What the task asks → Return nothing but the lines from the one with "Fire Damage Restoration" through the one with "[👻🎃Halloween🎃👻] Matching Outfit Ideas" in the data below, word for word and without pictures.

[Data items]
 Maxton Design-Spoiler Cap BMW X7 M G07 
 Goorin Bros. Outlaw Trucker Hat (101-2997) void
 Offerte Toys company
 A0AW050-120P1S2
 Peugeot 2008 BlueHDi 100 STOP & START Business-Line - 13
...
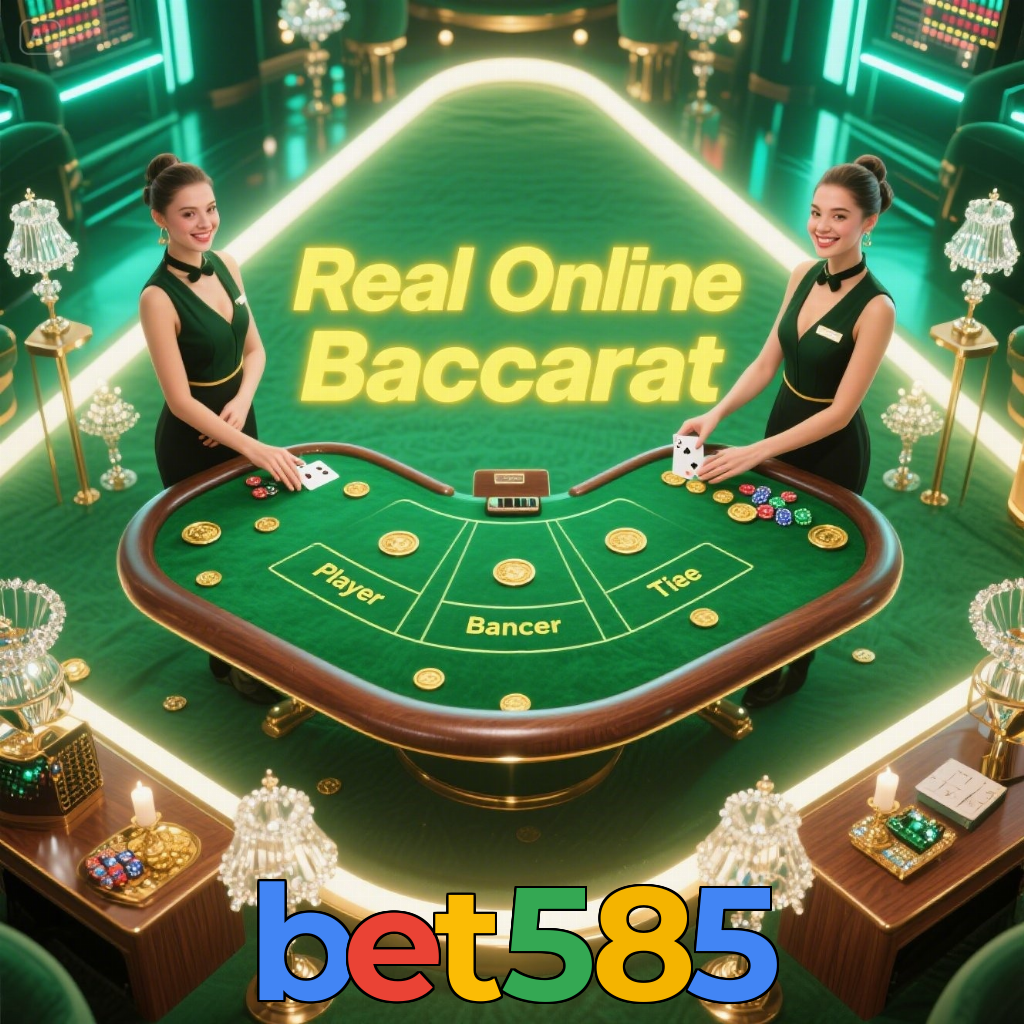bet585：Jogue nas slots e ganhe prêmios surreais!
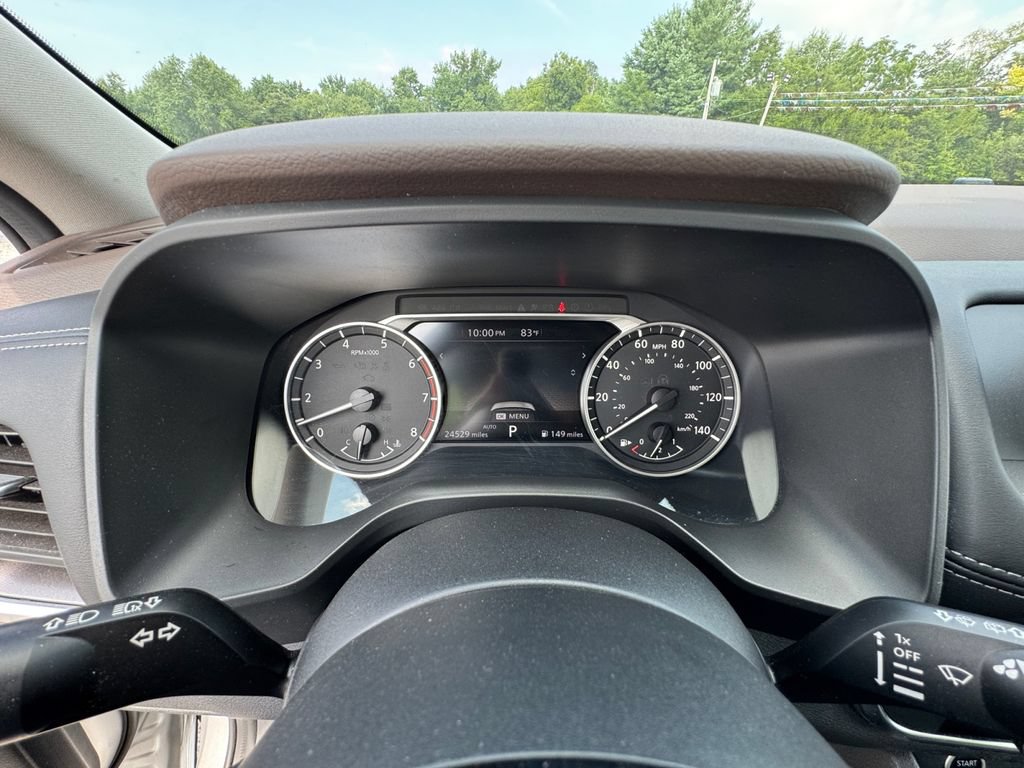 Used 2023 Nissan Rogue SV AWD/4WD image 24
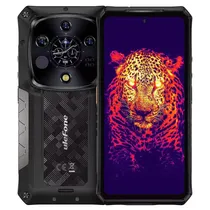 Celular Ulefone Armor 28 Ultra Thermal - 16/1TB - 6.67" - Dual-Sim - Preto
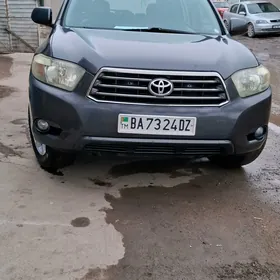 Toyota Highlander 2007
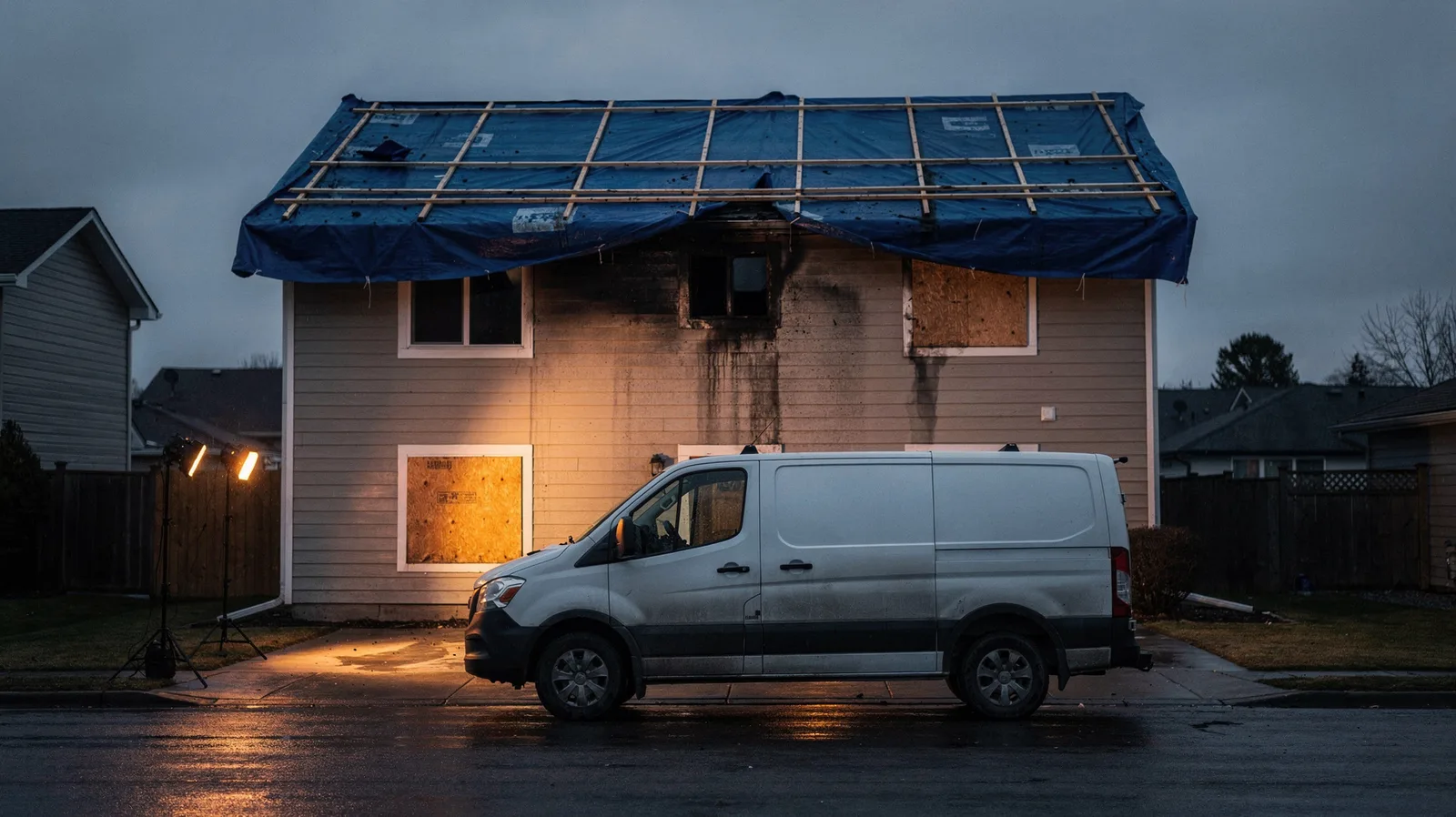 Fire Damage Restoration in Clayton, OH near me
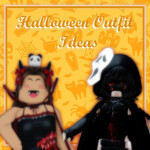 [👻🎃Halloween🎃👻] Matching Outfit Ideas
...
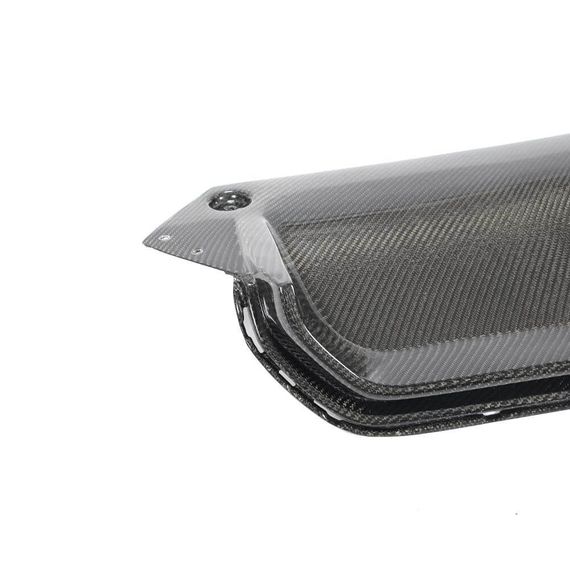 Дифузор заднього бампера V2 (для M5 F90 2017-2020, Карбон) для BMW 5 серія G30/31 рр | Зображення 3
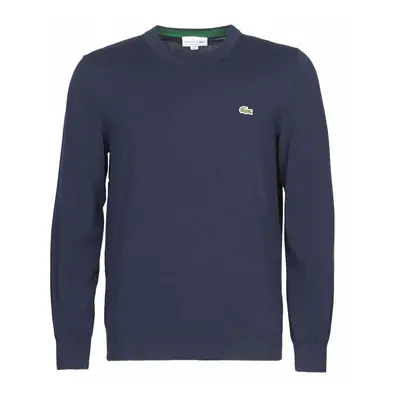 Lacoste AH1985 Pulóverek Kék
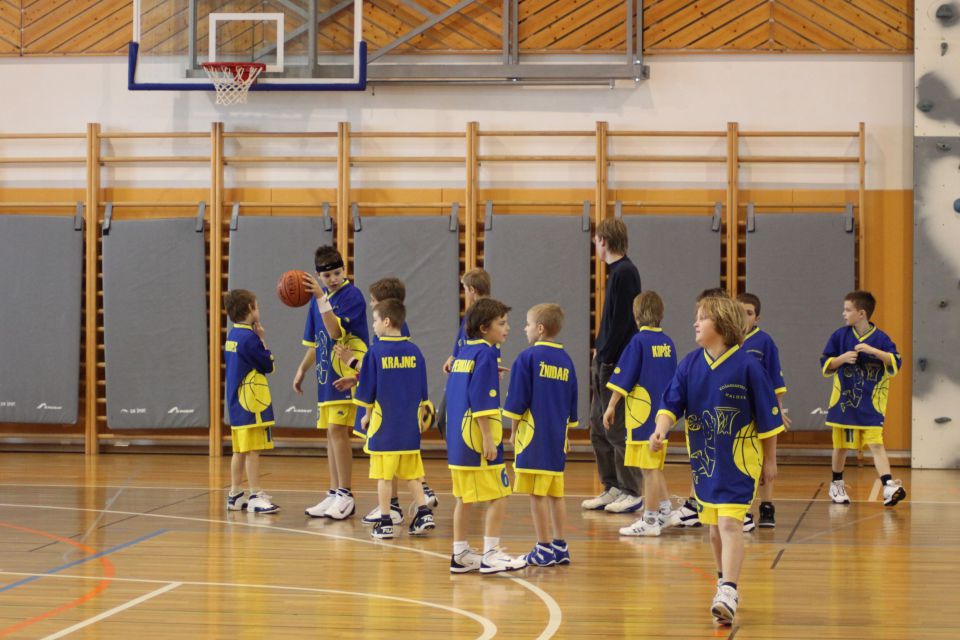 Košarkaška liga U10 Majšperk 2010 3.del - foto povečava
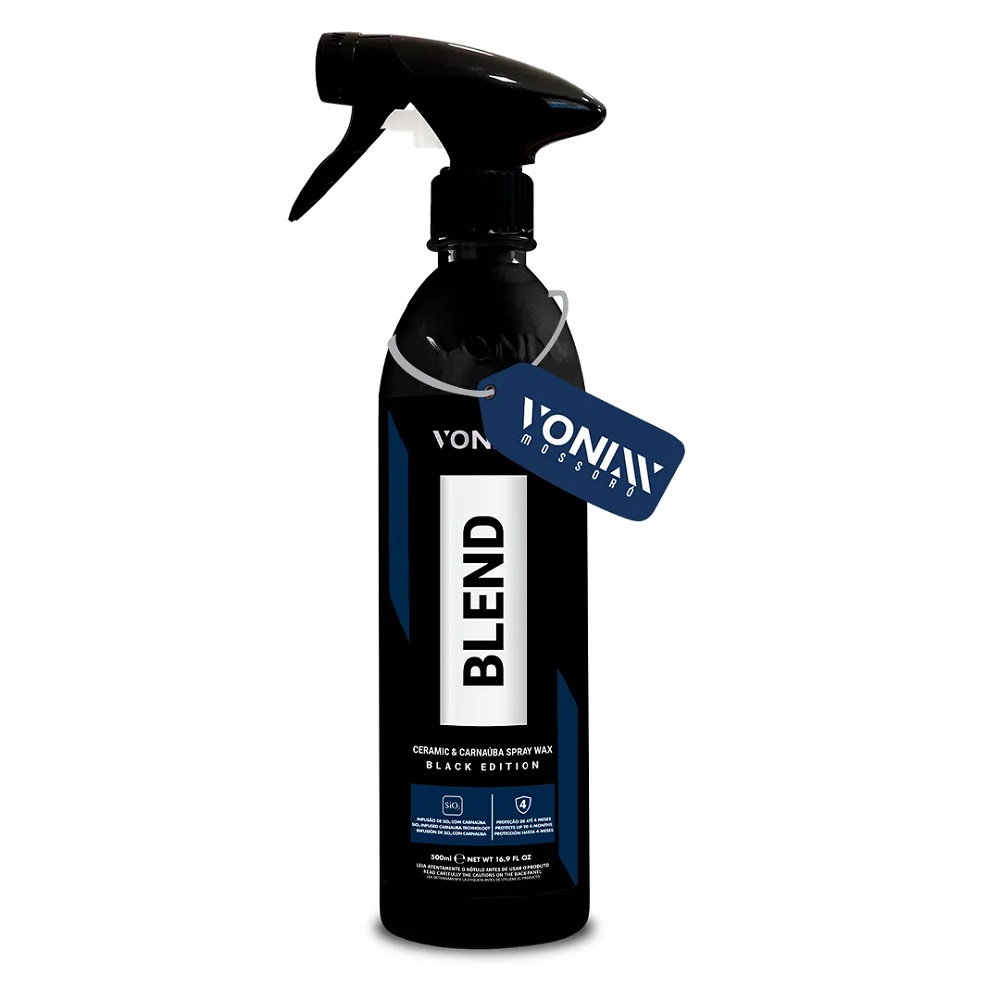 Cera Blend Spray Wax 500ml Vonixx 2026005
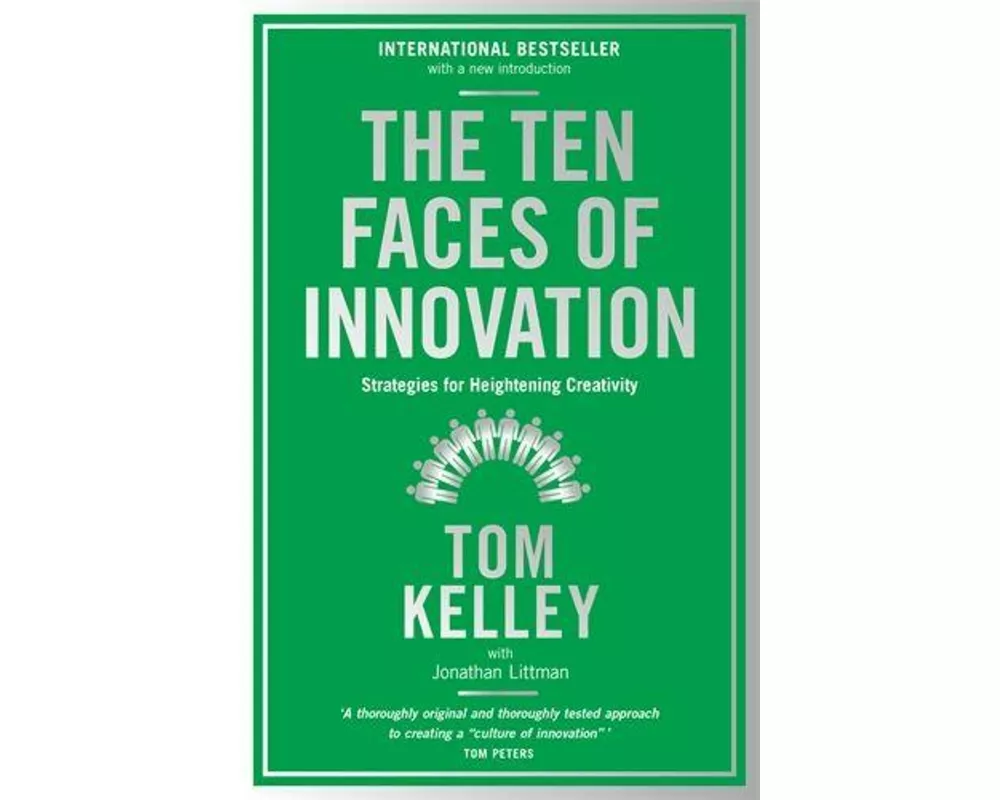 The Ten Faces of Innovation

Task solution →
 Fire Damage Restoration in Clayton, OH near me
 [👻🎃Halloween🎃👻] Matching Outfit Ideas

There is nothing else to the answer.